Given data:
==============================

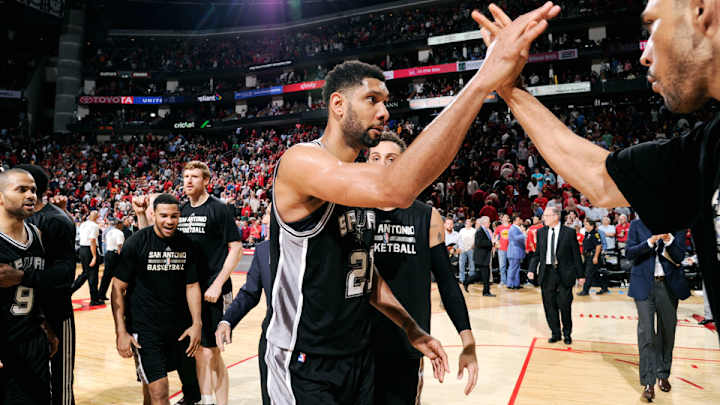 Duncan with 29 points, key block as Spurs send Rockets to sixth seed Duncan with 29 points, key block as Spurs send Rockets to sixth seed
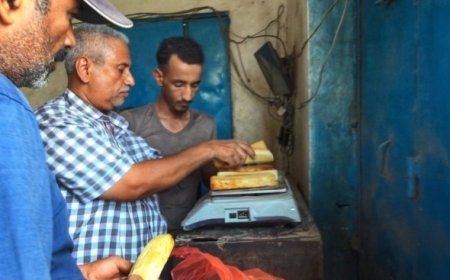 مكتب الصناعة في العاصمة عدن يضبط مخالفين في أسعار وأوزان الروتي..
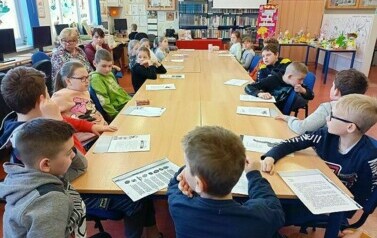 Lekcja biblioteczna o Wielkanocy i konkurs głosnego czytania z klasami III  10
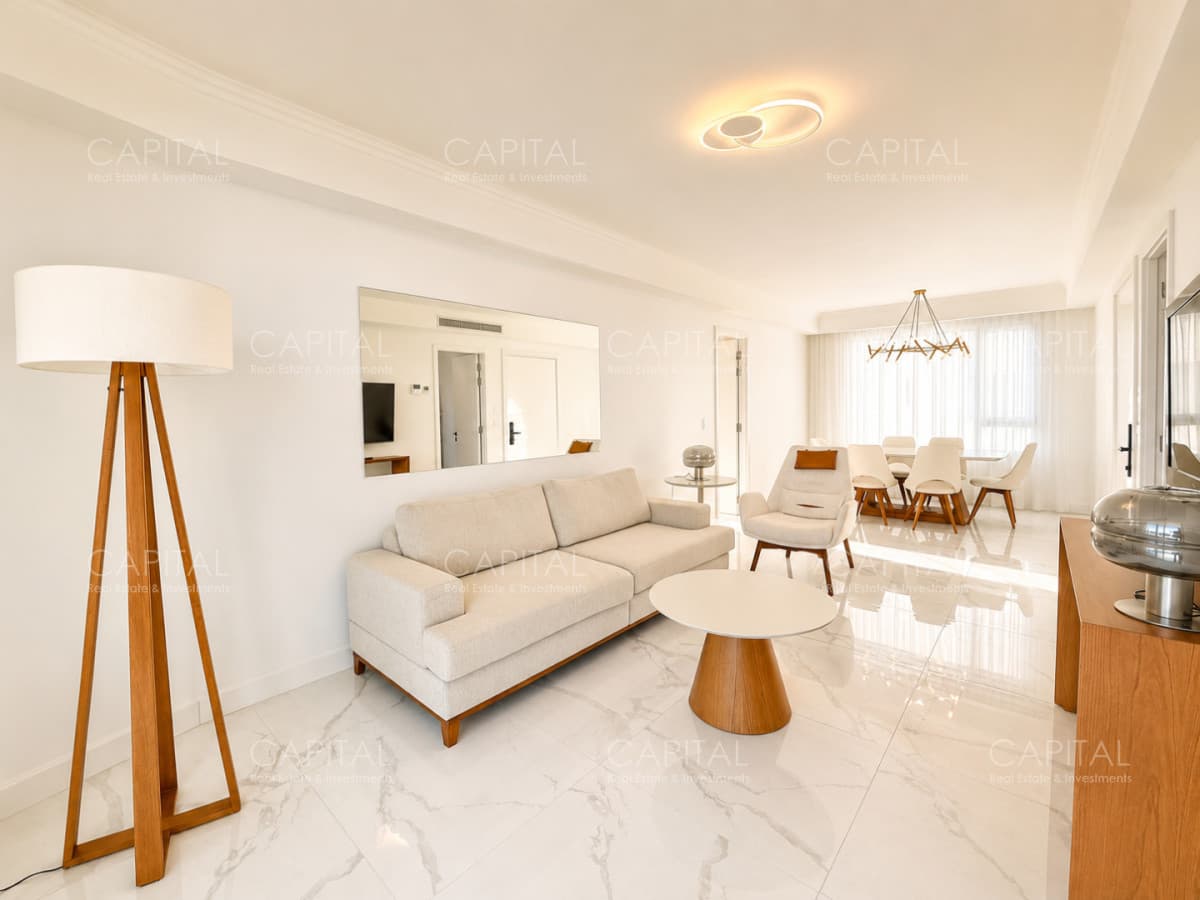 Paramount Tower de dos dormitorios frente al mar en Venta Playa Mansa Punta del este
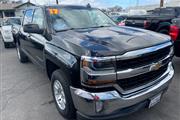 $23450 : 2017 Silverado 1500 LT Truck thumbnail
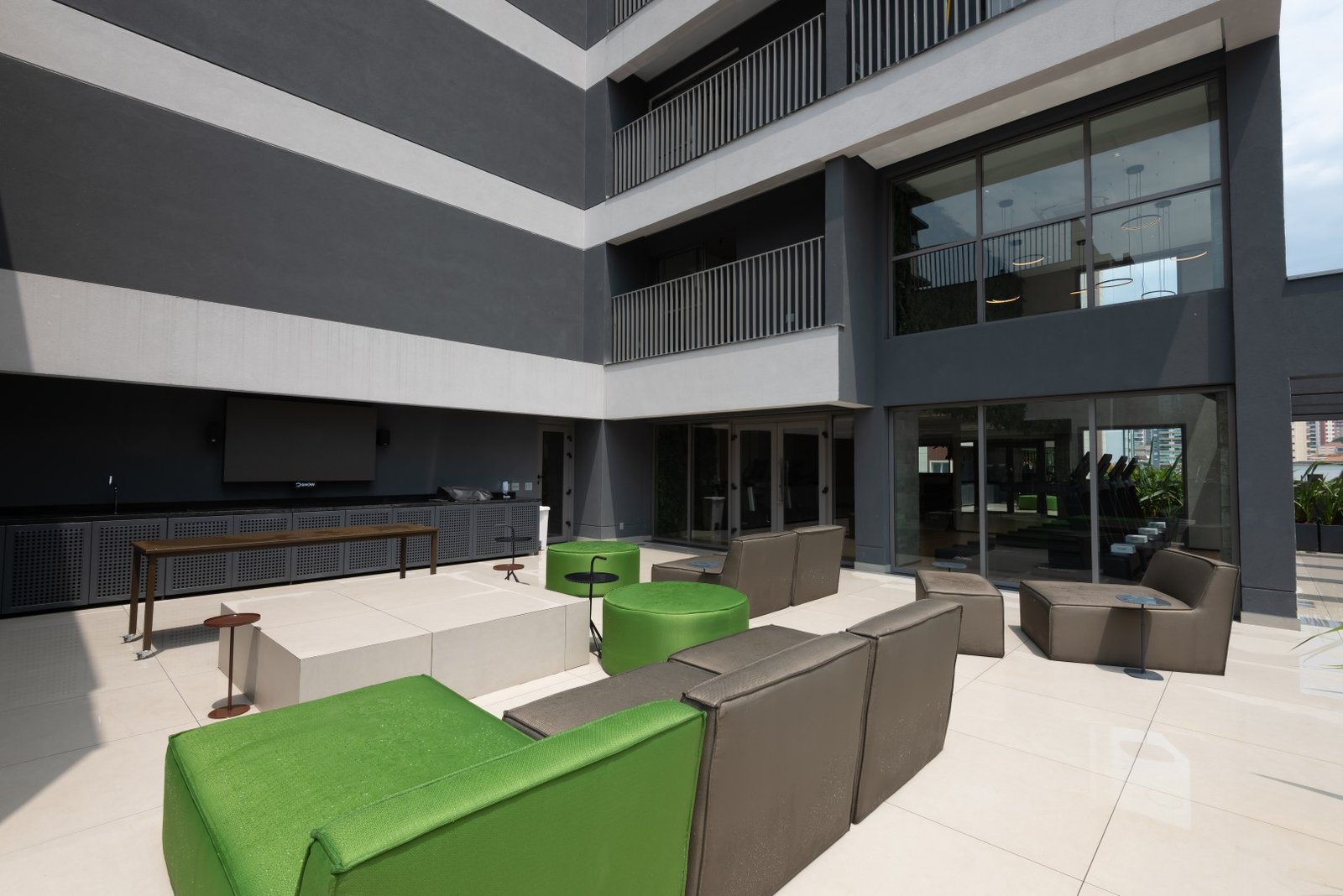 Cine Lounge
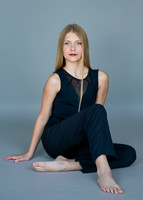 Molly Nack Dance Headshot 2025-11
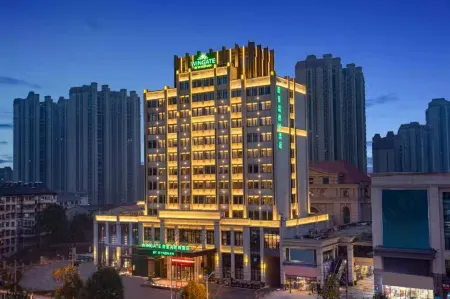 Wingate by Wyndham Ezhou Airport Отели рядом с достопримечательностью «Ezhou Polytechnic (Southeast to Fenghuang Subdistrict Office Lianhuashan Community Health Service Station)»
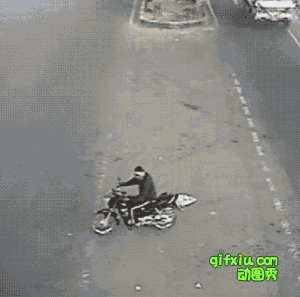 笑死人的动态图片_摩的哥摩托车瞬间被撞飞(点击浏览下一张趣图)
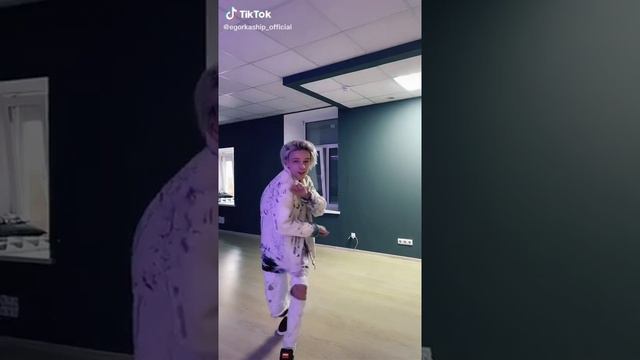 Делает вид что шарит на за Диор !? смотреть онлайн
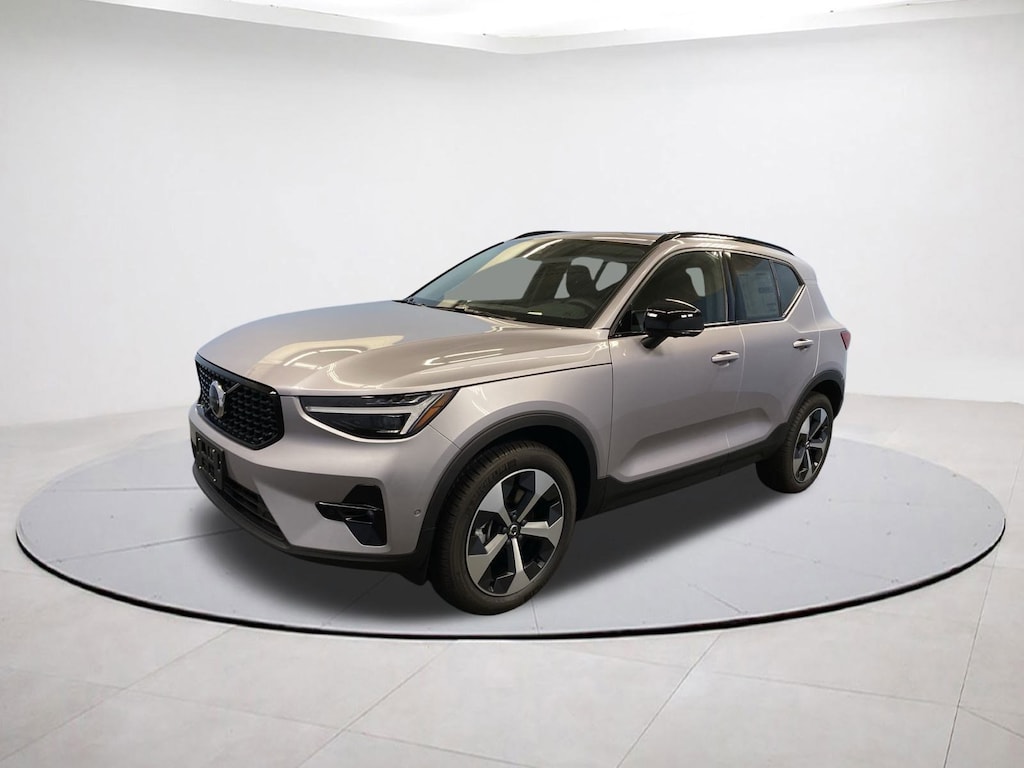 New 2026 Volvo XC40 B5 Plus SUV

==============================

Required work: Nothing but the lines from the line with "笑死人的动态图片_摩的哥摩托车瞬间被撞飞(点击浏览下一张趣图)" through the last line of the listing above should be repeated, and pictures should be left out.

Output for this exercise:
 笑死人的动态图片_摩的哥摩托车瞬间被撞飞(点击浏览下一张趣图)
 Делает вид что шарит на за Диор !? смотреть онлайн
 New 2026 Volvo XC40 B5 Plus SUV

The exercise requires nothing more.